Monday, August 4, 2008

Obama Sees Traction in Continuing Racial Grievance

Election 2008 may be remembered for an odd counter-intuition on racial progress: For the first time in history, a black American has secured a major-party nomination for the presidency. This milestone should demonstrate America's equal political opportunity for people of color. Yet, simultaneously, the very ascendence of a black presidential nominee is forcing people to confront latent racial prejudices that seemed slowly fading as the pattern of post-civil rights integration normalized cross-racial comity and interaction.

Is Barack Obama to blame for the fraying of the integrationist consensus?

A man who advertised himself as America's postracial healer now appears to be complicit in the resegregation of American attitudes on skin color and the politics of racial recrimination.

Gallup polling, for example, finds a majority of Americans agreeing racism is widespread:

Racial Attitudes

A recent USA Today/Gallup poll finds most Americans saying racism is widespread against blacks in the United States. This includes a slim majority of whites (51%), a slightly higher 59% of Hispanics, and the vast majority of blacks (78%)....

As on most issues involving race in the United States, blacks are much more likely to see racism as a problem than are whites. However, other questions in the poll showed that Americans remain optimistic that race relations could improve, if Americans could hold an open national dialogue on race and
if Barack Obama were elected as the first black president.
Notice how black Americans are much more likely to view politics through a racial prism.

Indeed,
today's Washington Post poll finds Barack Obama running strong overwhelmingly among narrow interest group constituencies sensitive to race-baiting appeals:

Democratic Sen. Barack Obama holds a 2 to 1 edge over Republican Sen. John McCain among the nation's low-wage workers, but many are unconvinced that either presidential candidate would be better than the other at fixing the ailing economy or improving the health-care system, according to a new national poll.

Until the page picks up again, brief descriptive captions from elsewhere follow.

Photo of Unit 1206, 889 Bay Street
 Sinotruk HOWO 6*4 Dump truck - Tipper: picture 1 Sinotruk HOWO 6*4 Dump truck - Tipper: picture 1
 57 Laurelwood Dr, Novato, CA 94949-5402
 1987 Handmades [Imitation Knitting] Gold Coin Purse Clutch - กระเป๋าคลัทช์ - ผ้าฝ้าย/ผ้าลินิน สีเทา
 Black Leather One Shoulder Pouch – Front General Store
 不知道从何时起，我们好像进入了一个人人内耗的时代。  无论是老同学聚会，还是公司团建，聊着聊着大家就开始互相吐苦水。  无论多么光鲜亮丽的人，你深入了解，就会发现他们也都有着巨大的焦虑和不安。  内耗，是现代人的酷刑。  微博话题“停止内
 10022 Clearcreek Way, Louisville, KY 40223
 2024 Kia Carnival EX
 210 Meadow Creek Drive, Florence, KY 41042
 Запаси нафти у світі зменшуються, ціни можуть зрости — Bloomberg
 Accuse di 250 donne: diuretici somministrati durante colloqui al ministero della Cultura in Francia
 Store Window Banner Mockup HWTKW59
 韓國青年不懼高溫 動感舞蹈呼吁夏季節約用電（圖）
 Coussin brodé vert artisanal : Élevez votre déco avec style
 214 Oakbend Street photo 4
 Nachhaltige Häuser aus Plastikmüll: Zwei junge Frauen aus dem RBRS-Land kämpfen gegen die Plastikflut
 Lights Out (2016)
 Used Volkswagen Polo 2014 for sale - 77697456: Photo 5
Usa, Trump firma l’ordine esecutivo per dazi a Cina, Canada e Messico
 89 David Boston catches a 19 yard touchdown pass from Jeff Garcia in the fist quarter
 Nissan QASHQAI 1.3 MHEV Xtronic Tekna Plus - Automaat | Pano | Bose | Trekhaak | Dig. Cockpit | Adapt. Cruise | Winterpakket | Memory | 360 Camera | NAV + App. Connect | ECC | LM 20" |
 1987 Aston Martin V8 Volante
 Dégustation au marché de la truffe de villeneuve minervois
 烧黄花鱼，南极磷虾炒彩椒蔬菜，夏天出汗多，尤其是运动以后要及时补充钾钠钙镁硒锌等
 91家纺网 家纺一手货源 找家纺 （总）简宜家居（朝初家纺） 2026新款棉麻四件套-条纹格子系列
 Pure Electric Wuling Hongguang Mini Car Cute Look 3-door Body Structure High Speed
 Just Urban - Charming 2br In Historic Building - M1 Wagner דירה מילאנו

Obama's advantage is attributable largely to overwhelming support from two traditional Democratic constituencies: African Americans and Hispanics...
Yet:

Obama's standing with the white workers runs counter to an impression, dating from the primary season, that he struggles to attract support from that group. McCain advisers have said for months that they think the Republican can win a significant share of those voters because of Obama's performance in the spring.

The survey suggests it will be difficult, but not impossible, for McCain to increase his appeal.
Think about this: The Post's survey contacted people making at or below $27,000 annually - that is, the working classes. So, we are seeing lower-income whites who are favorable to the Obama campaign, but also, in Gallup's findings, only a slight majority of white Americans see society as racist.

In other words, the Obama campaign has an incentive to push racial politics as a wedge issue.

Black voters already cling to outdating notions of hegemomic racist domination of the political landscape. If Obama can sharpen racist thinking among white voters, by alleging that John McCain is exploiting racist stereotypical images of sexual predation among blacks, perhaps more white voters - who are more inclined toward electoral color-blindness, but may have debilitating white guilt - can be sucked into the frame of a racial recriminatory coalition: McCain's racist! Vote Obama!

Thus, strangely, Barack Obama has in fact no incentive to campaign on a post-civil rights platform of equality of opportunity. Indeed,
Juan Williams notes that last week's outbursts might just be the beginning of racial general election campaign:

With polls showing the presidential contest between John McCain and Barack Obama getting closer, a question is now looming larger and larger. Is skin color going to be the deciding factor?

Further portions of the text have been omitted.